Bink thrashed madly in the water, trying to swim to safety, knowing that no man could escape any one of these monsters, let alone all three. The behemoth came up, lifting him half out of the water; the croc came across, its jaws parting cavernously; the serpent struck with lightning velocity from above.

And—croc and serpent collided, their teeth throwing off sparks as they clashed. Both monsters were shunted aside by the mass of the rising behemoth—and Bink slid down that lifting slope as on a greased skid, away from the teeth and safely to the stone-lined inner wall of the moat. An amazing coincidence—

Ha. That was his talent operating, saving him once again from his own folly. Trying to ride a galloping centaur that looked like a cactus—he should have picked his way out of the maze the way the others were doing. He was just lucky that both centaurs and moat-monsters were magical, so that his talent could function.

Chester had landed safely, and was on hand to haul him out of the moat. With one hand the centaur lifted Bink clear, hardly seeming to exert himself. But his voice shook. “I thought—when you fell among those monsters—I never saw anything like—”

“They weren’t really hungry,” Bink said, preferring to disparage the significance of the event. “They were just playing
with their food, and overdid it. Let’s go on inside. They must be serving the refreshments by now.”

“Hey, yes!” Chester agreed. Like all powerful creatures, he had a chronic appetite.

“Hay, yes,” Bink muttered. But it was not a good pun; centaurs did not eat hay, despite what detractors might imply.

They moved to the castle—and the illusions faded.
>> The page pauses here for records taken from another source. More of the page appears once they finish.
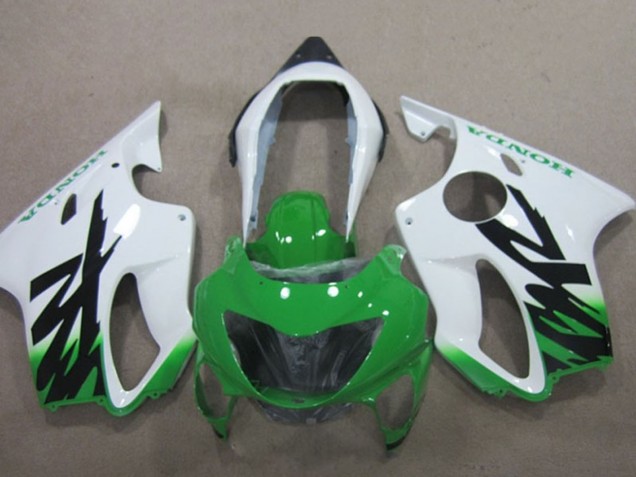 1999-2000 White Green Honda CBR600 F4 Motorcycle Fairings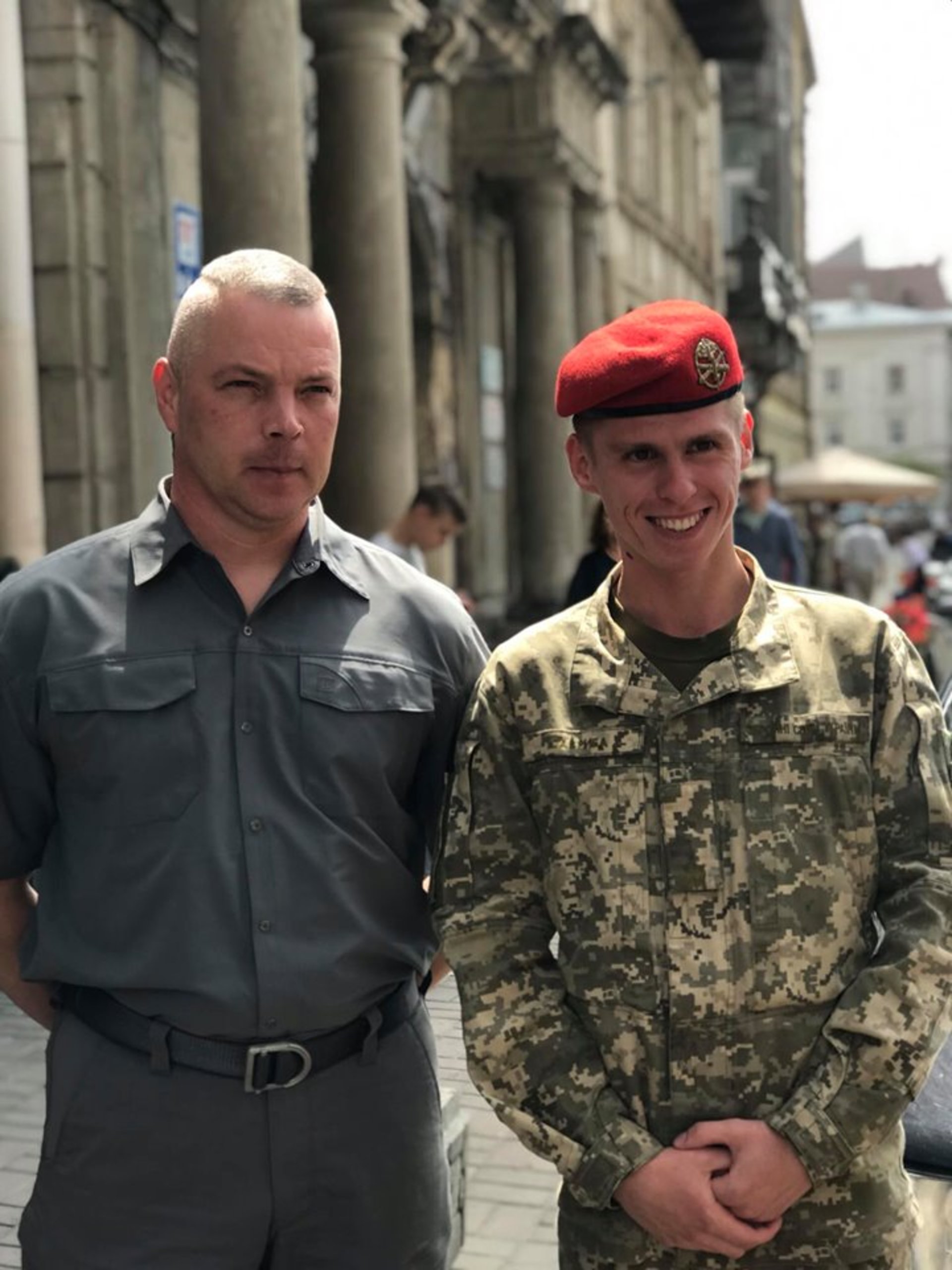 Генерал Михайло Забродський у Львові. Фото - Європейська Солідарність Львів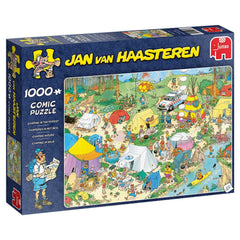 Jan van Haasteren Camping in the Forest Jigsaw Puzzle (1000 pieces)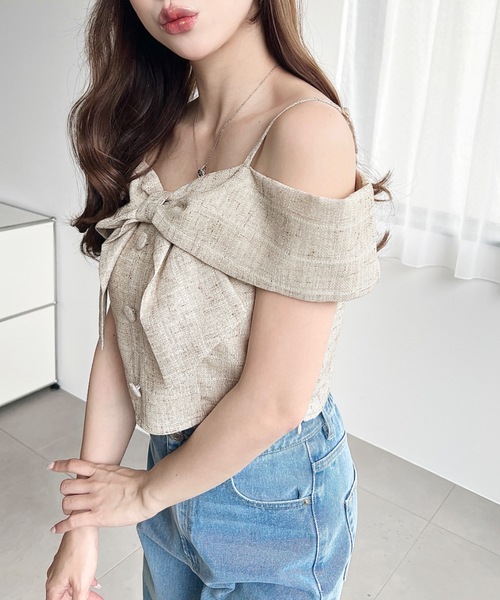 最終価格⭐︎OHGA リボン ツイード トップス CATEGORY TOPS | OHGA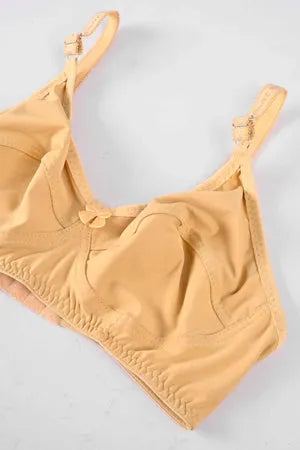 Soft Lycra Bra for Women Girls| Non Padded Ladies Brazier| Skin Color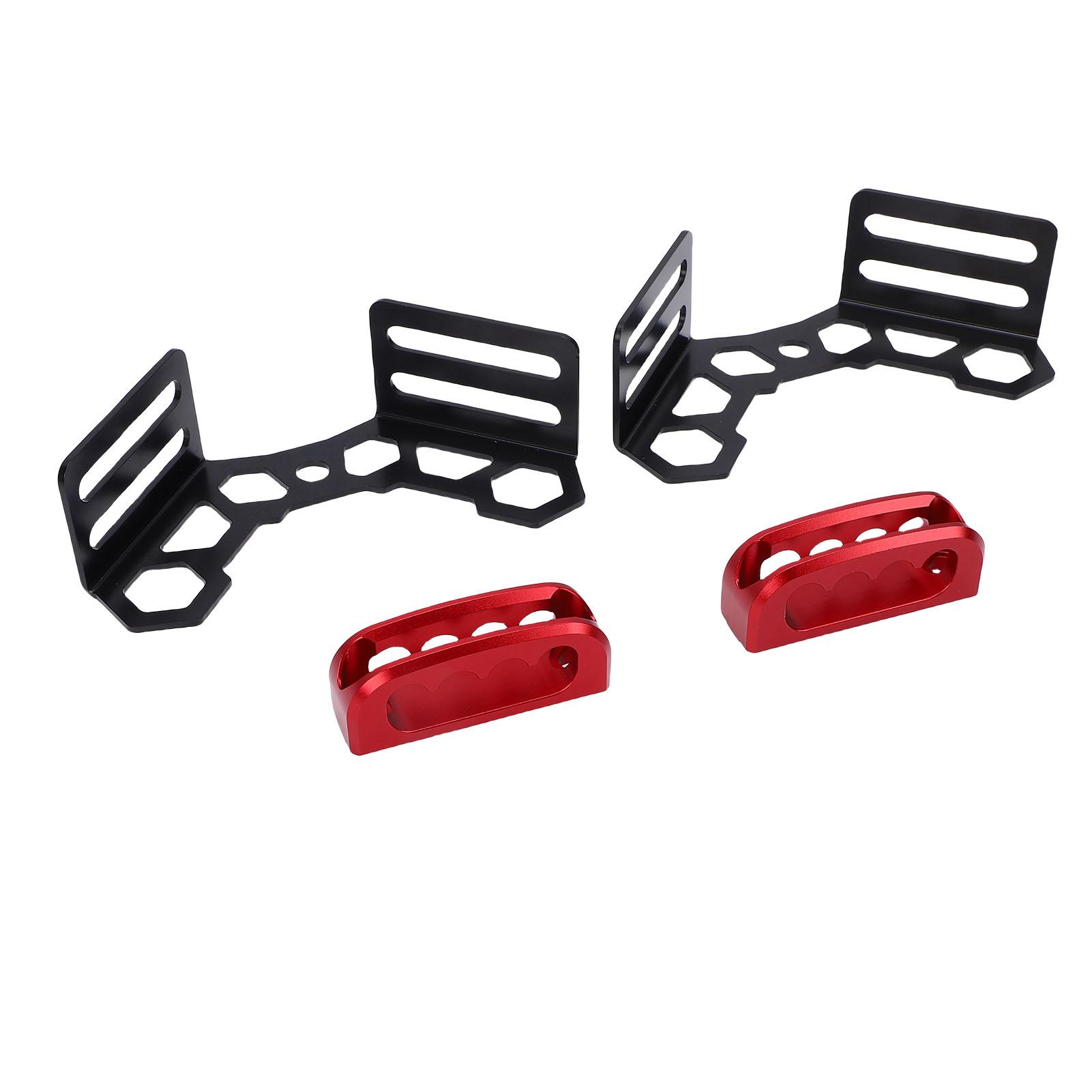 2 Sets Bed Rail Corner Gussets Cleats Kit Steel Front Bed Rail Tie Down s Replacement for 2005-2015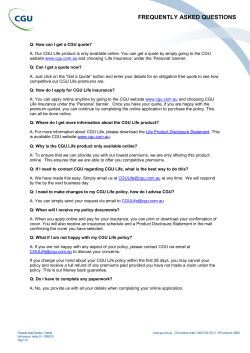 frequently asked questions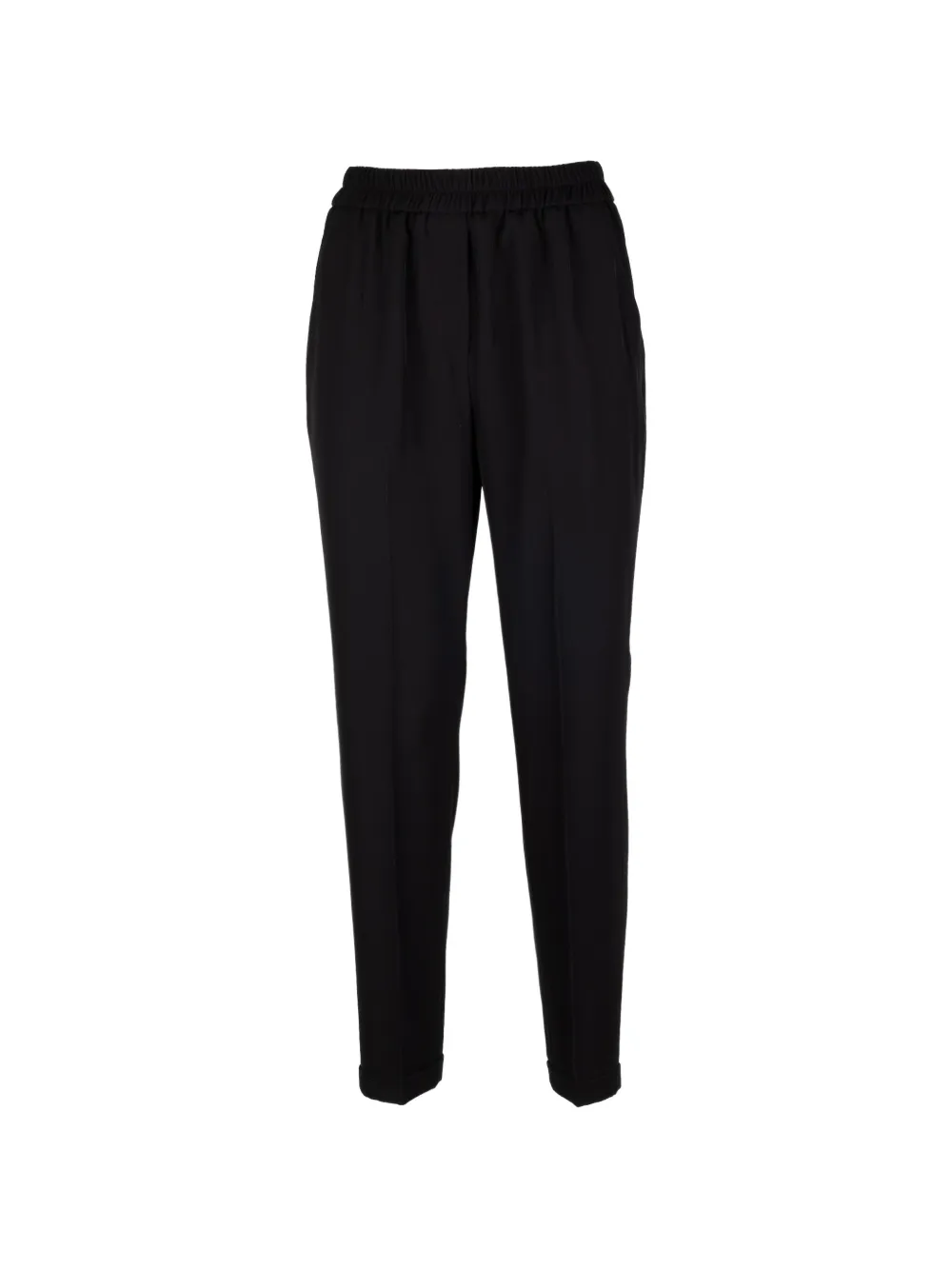 Via Masini 80 elasticated trousers - Schwarz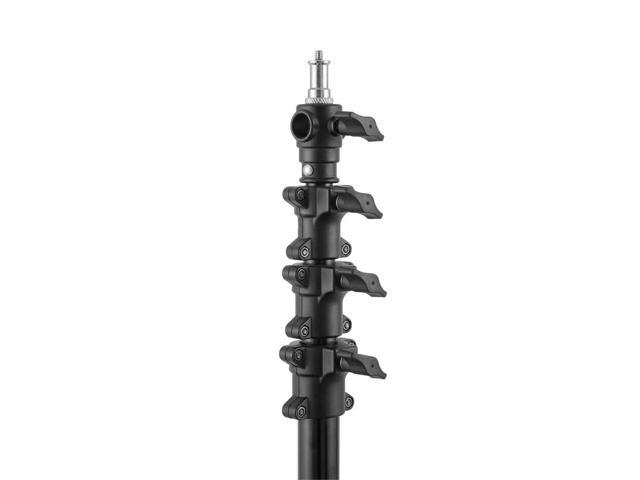 Meking MZ Series 9' 4-Section Air-Cushioned Light Stand, Black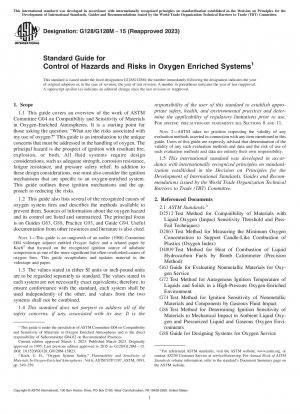 Standardhandbuch zur Beherrschung von Gefahren und Risiken in sauerstoffangereicherten Systemen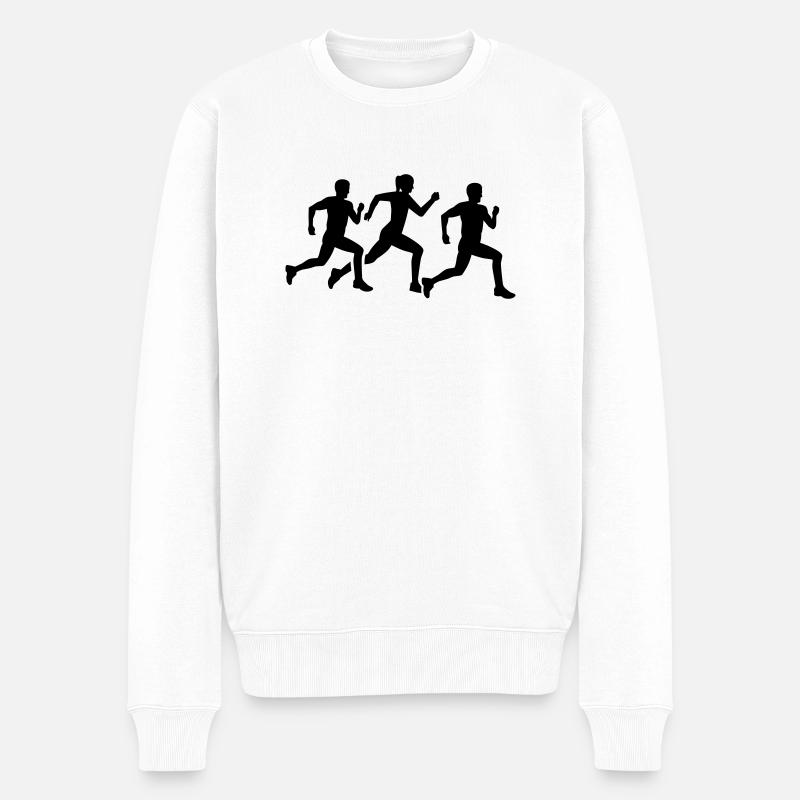 Courir - Pull Premium bio Homme - blanc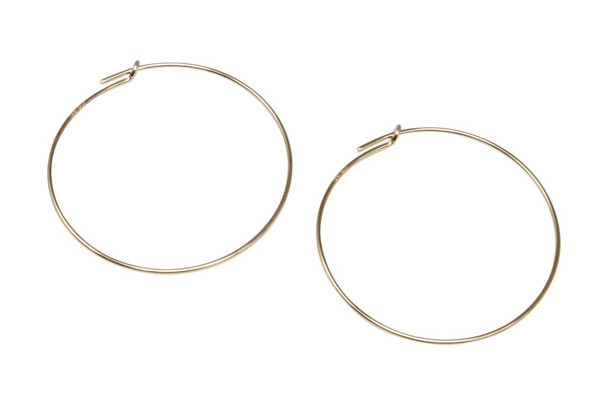 14K Gold Filled 30mm Beading Earring Hoops - Sold as a Pair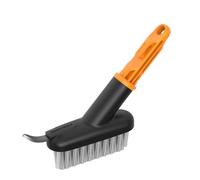 Fiskars OneClick Brosse pour Dalle, Embout 2-en-1 avec Lame en Acier et Brosse, Changement Facile en Un Clic, pour Pavés et Joints, Noir/Orange, 1080697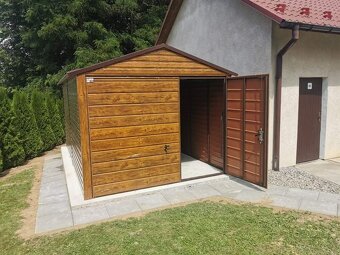 Plechová garáž 3x5m - 3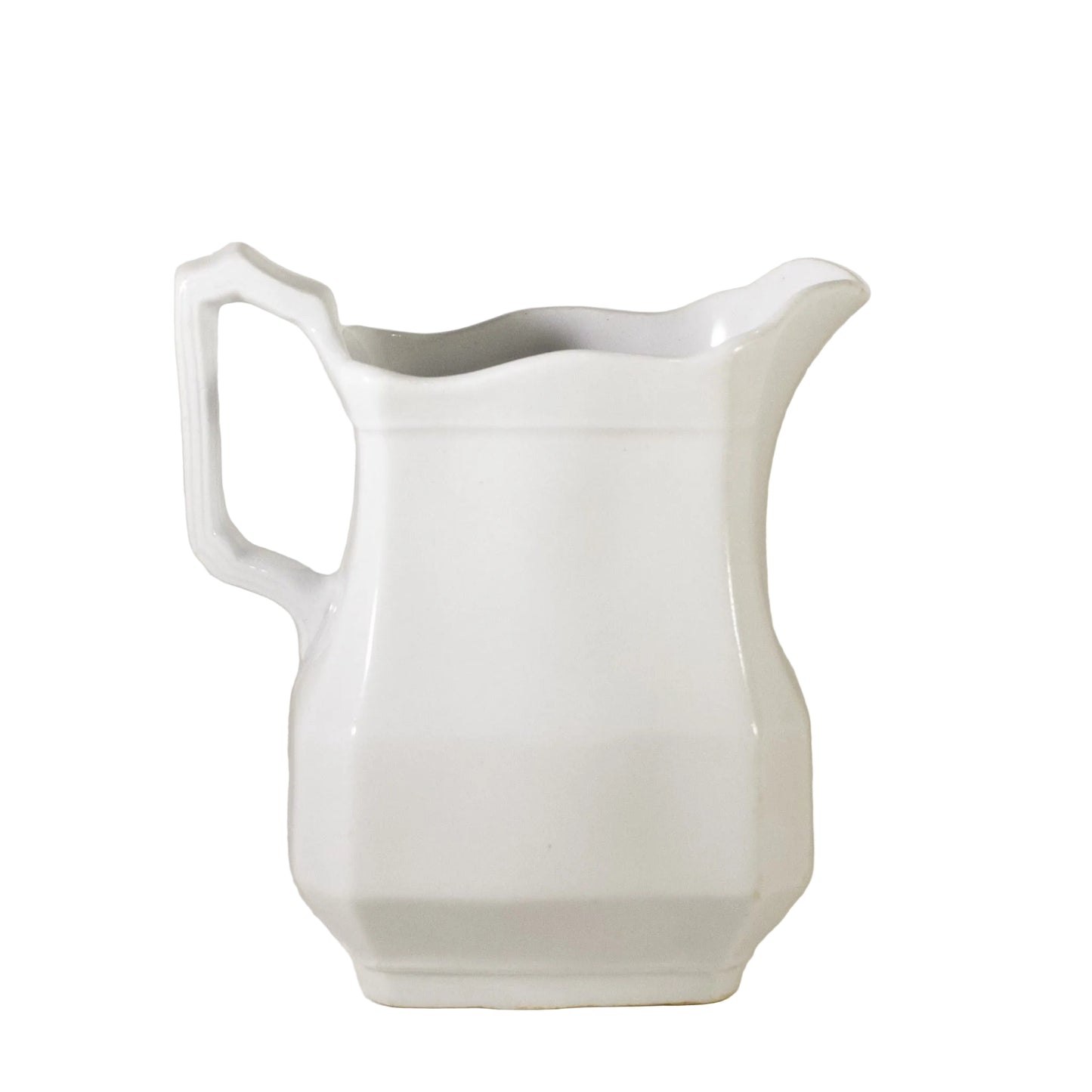 CLASSIC OPTIC BLOCK by J & G Meakin Antique Ironstone Small Pitcher Circa 1890 (1)
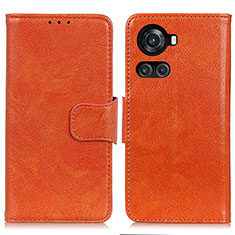 Funda de Cuero Cartera con Soporte Carcasa N05P para OnePlus 10R 5G Naranja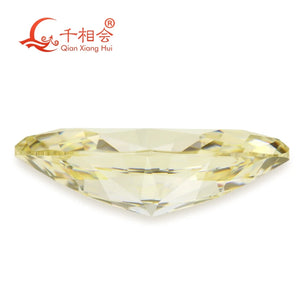 10pcs MN Yellowish Marquise Shape Cubic Zirconia Loose CZ Stone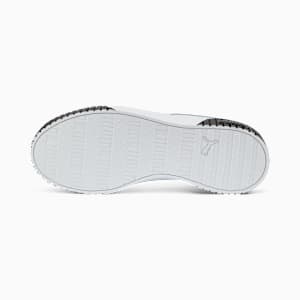 White sneakers hotsell with colorful bottom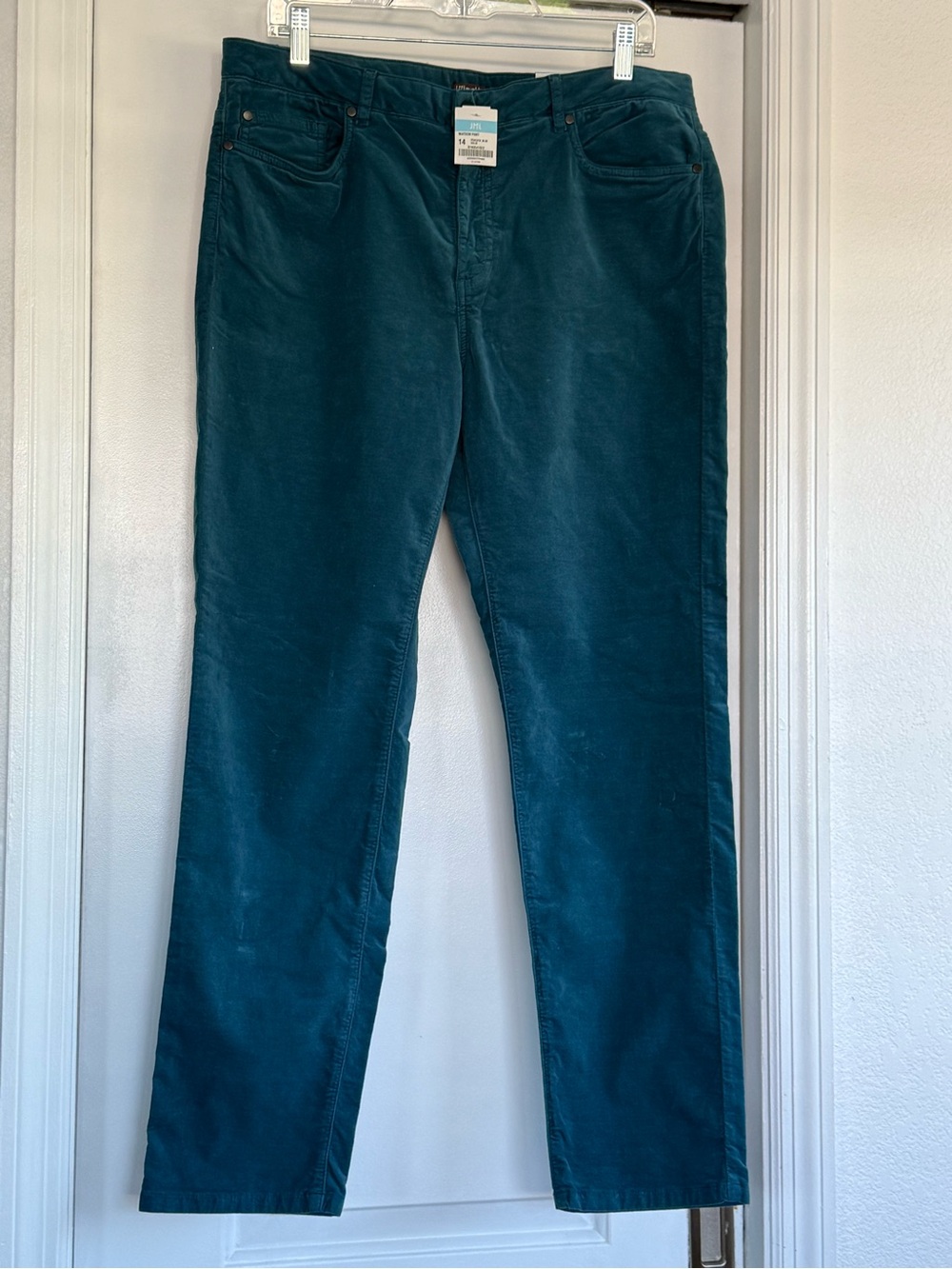 J. McLaughlin Teal peach fabric style Cropped Pants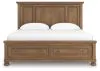 Ashley Furniture PCB779B12 Ashley Furniture PCB779B12 Feddinger - King Panel Storage Bed - Medium Brown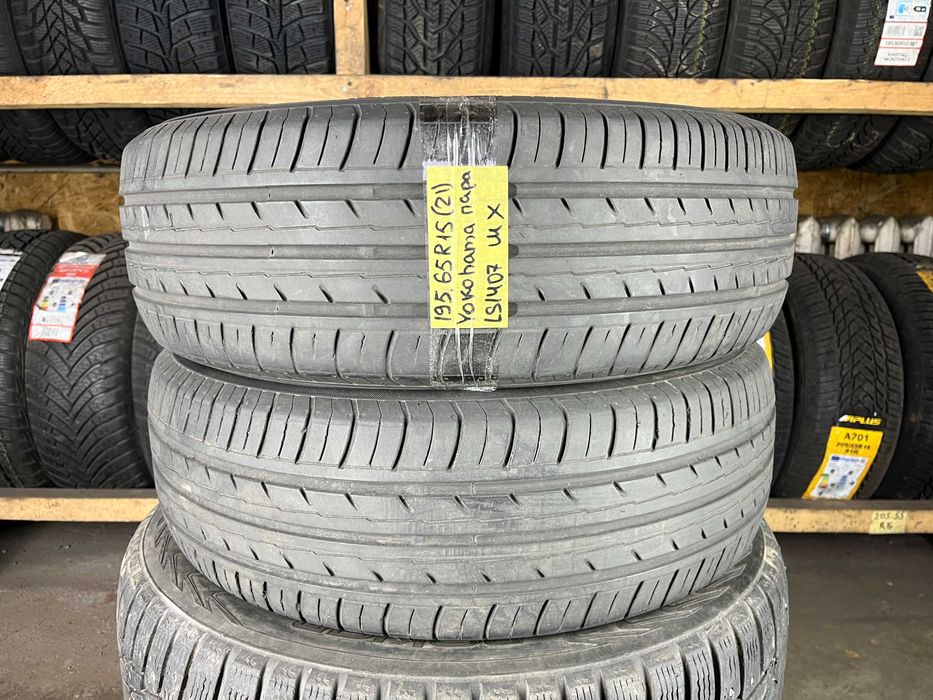 LS1407 Літні шини 195/65r15 Yokohama BluEarth-Es ES32 пара резина р15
The spell was off, here; they were themselves again, man and centaur. “You know, I never realized how homely my face was, until I saw it on you,” Chester said musingly.

“But you have an exceedingly handsome posterior,” Bink pointed out.

“True, true,” the centaur agreed, mollified. “I always said Cherie didn’t become my mate for my face.”

Bink started to laugh, but realized his friend was serious. Also, they were at the entry now, and others were within earshot.

The guard at the palace gate frowned. “How many did you guess, Bink?” he inquired, pad poised for a note.

“One, Crombie,” Bink said, indicating Chester. Then he remembered the manticora. “Two, rather.”

“You’re out of the running, then,” Crombie said. “The leading contestant has twelve.” He glanced at Chester. “You?”

“I didn’t want the prize anyway,” the centaur said gruffly.

“You folk haven’t been trying,” Crombie said. “If I’d been out there, instead of stuck here running errands for the Queen—”

“I thought you liked this palace job,” Bink said. He had first encountered Crombie when the man soldiered for the prior King.

“I like it—but I like adventure better. The King’s okay, but—” Crombie scowled. “Well, you know the Queen.”

“All fillies are difficult,” Chester said. “It’s their nature; they can’t help it, even if they wanted to.”